Adult. stakes its claim to electro authority on an aesthetic built more around heady moods than cloying fashion games. The duo started mining post-human '80s sound waves a few years before "electroclash" became a contentious term, but, legitimacy through longevity being a thing of the past, singer Nicola Kuperus and programmer Adam Lee Miller also pay uncommon attention to the history they dress up and down. From the spurting synth phase that opens "The Cold Call," the duo's Anxiety Always careens through a tight, measured crash course suited both for smooth rides and for nervous swerves.
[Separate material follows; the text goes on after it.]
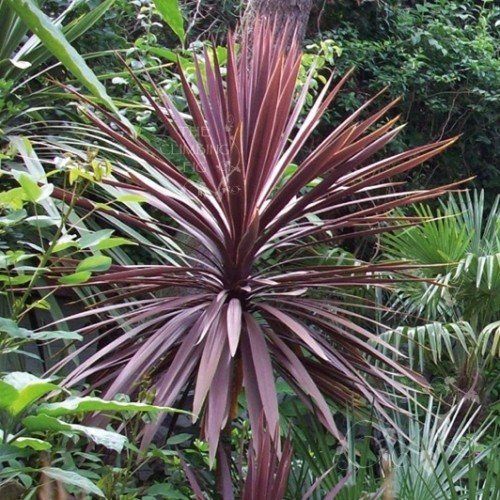 Cordyline australis Purpurea - Pb3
Adult. fetishizes the erotic vacancy of electro's android mind, matching brash blip riffs with icy vocals that sing of "the passion of forgetting names" and issue commands to "glue your eyelids together." Much of the album sounds thin and clangy on first pass, but as its moods congeal, Anxiety Always drinks down a cumulative thickener that oozes through the airy spaces and hardens on contact. "Blank Eyed, Nose Bleed" and "Nothing Of The Kind" lurch and pop like a sort of digitized punk, cycling through gameful violence and showy shove-offs that derive their tension from cramped backing tracks fighting for breath. For all its impressive competency, Anxiety Always remains a bit too oppressively literal in its electro resurrection–a fate that applies less to Idol Tryouts, a compilation from the Ghostly International label. Like Adult.'s Ersatz Audio imprint, Ghostly operates around the mythic electronic playland of Detroit, where electro and techno took on much of their lasting identities. Instead of looking back, though, Idol Tryouts smears the electro template into shapes more modern than nostalgic. With "Making It Pay," Dabrye hits upon a slow, woozy electronic hip-hop gait that sounds more like a subtle composite than observable fusion. Charles Manier ups the tempo to dance-floor speed with the warped synth fits in "At The Bottle," while Matthew Dear and James Cotton sift through shuffling glitch bits that hover like clouds stewing toward lightning. More distanced and meditative than Ghostly International's notable electro manifesto Tangent 2002: Disco Nouveau, Idol Tryouts boasts an inclusive reach that wraps Detroit austerity with Boards Of Canada-like ambience. The results range from striking singularities to simple spells of beauty, but the union of the two sounds unwaveringly strong throughout.